With the attorneys, accountants and others on staff, Baystate has 12 professional specialists and 12 support staffers to augment the 215 licensed advisors who provide the fee-based financial planning, fee-based management of investments, and commission-based insurance and annuities sales. (Through its brokerage firm, New England Securities, the firm has access to 42 money management firms that provide investment analysis and research.) The firm has $6.2 billion in assets under management and is converting to more fee-based services and fewer commissions, because Porter says he feels fee-based services are the future of the financial planning industry. Within three years he expects the company to be half commission-based for selling products and half fee-based for financial planning services.
Clients seem to appreciate the research-oriented approach of Baystate. "We shy away from giving immediate answers. We want our specialists to look at the situation," Porter says. "For instance, we have a 61-year-old business owner who has sons by two marriages, one is 29 and one 5. The question was how to pass the business to the older son while still protecting the younger son, so we worked out a scenario where he bought life insurance with the younger son as the beneficiary."
Another couple was down to $3.5 million in investments to retire on from an original $5 million. They are in their mid-sixties and, given life expectancy today, were afraid of losing more. "We put them in some appropriate investments like pre-funded municipal bonds. We did dollar cost averaging and we made sure they would not be surprised later by any unexpected taxes," he explains.
Business succession planning is another area of expertise for Baystate. One of the first specialists Porter hired was Herbert K. Daroff, a lawyer, college professor and certified financial planner, who is still with Baystate. "The current market makes business succession planning more difficult," Daroff says. "A typical client comes to us to sell a business and retire. We have to maximize the net proceeds because of the low return on investments now, and minimize the taxes. For a buyer, we want to minimize his investment and realize his potential tax benefits."

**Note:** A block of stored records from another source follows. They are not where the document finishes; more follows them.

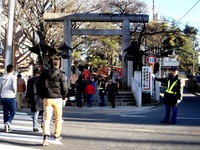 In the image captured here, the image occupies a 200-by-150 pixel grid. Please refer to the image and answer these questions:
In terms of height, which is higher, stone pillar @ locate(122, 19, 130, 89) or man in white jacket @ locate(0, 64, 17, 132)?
stone pillar @ locate(122, 19, 130, 89)

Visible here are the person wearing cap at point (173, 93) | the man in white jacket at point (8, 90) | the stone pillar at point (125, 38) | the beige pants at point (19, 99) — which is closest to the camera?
the man in white jacket at point (8, 90)

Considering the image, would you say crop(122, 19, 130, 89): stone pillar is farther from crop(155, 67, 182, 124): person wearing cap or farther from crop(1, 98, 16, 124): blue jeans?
crop(1, 98, 16, 124): blue jeans

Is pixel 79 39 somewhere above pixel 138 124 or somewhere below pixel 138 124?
above

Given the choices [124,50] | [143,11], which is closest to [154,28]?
[143,11]

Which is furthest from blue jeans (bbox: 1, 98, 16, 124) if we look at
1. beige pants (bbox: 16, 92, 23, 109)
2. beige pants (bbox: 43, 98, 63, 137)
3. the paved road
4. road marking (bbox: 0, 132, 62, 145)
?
beige pants (bbox: 16, 92, 23, 109)

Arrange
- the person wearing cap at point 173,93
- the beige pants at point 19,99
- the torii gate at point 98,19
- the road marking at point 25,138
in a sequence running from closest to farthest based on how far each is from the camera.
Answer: the road marking at point 25,138
the person wearing cap at point 173,93
the beige pants at point 19,99
the torii gate at point 98,19

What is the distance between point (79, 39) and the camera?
3672 cm

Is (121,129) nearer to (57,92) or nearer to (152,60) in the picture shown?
(57,92)

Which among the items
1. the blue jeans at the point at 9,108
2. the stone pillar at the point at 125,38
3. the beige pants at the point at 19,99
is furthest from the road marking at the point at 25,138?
the stone pillar at the point at 125,38

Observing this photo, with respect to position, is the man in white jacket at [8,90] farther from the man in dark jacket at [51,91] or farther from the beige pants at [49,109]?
the beige pants at [49,109]

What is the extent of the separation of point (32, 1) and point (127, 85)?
469 inches

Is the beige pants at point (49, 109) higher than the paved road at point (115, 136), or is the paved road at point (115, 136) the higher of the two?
the beige pants at point (49, 109)

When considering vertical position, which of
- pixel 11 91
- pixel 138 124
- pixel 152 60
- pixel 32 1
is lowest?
pixel 138 124

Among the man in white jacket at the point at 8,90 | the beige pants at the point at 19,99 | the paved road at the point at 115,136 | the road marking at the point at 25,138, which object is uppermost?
the man in white jacket at the point at 8,90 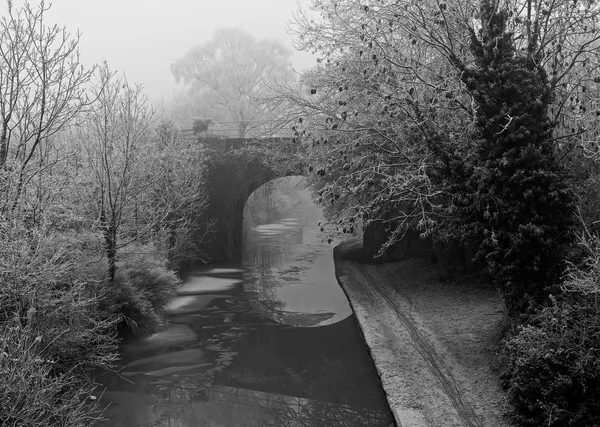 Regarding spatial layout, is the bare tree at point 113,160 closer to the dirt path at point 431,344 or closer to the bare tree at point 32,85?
the bare tree at point 32,85

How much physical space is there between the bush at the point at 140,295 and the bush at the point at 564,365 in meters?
9.15

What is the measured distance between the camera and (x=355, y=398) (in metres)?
10.6

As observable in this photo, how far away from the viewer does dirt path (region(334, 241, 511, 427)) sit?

Porter attributes his ability to keep his firm growing, even in an adverse economy, to the unusual structure he has developed for Baystate, with the researchers devoted solely to helping Baystate advisers, rather than being contracted by a number of firms for their services, he says. It is a notion clients like Jeffrey Bailly, president of UFP Technologies Inc. in Georgetown Mass., appreciate.
"We have 600 employees and Dave won the company business first-investing the 401(k)s and handling profit sharing. Now he does my personal financial planning as well," says Bailly. "Dave has a particular way about him. If I call with a question, he will have four other people on the phone with him to solve the problem.They are much more scientific about their approach to investing. If you take a portfolio to them, they will show you how you can get the exact same return with less risk."
Porter says Baystate's approach is not sexy. "We are conservative. We educate people so they know what they have," he says.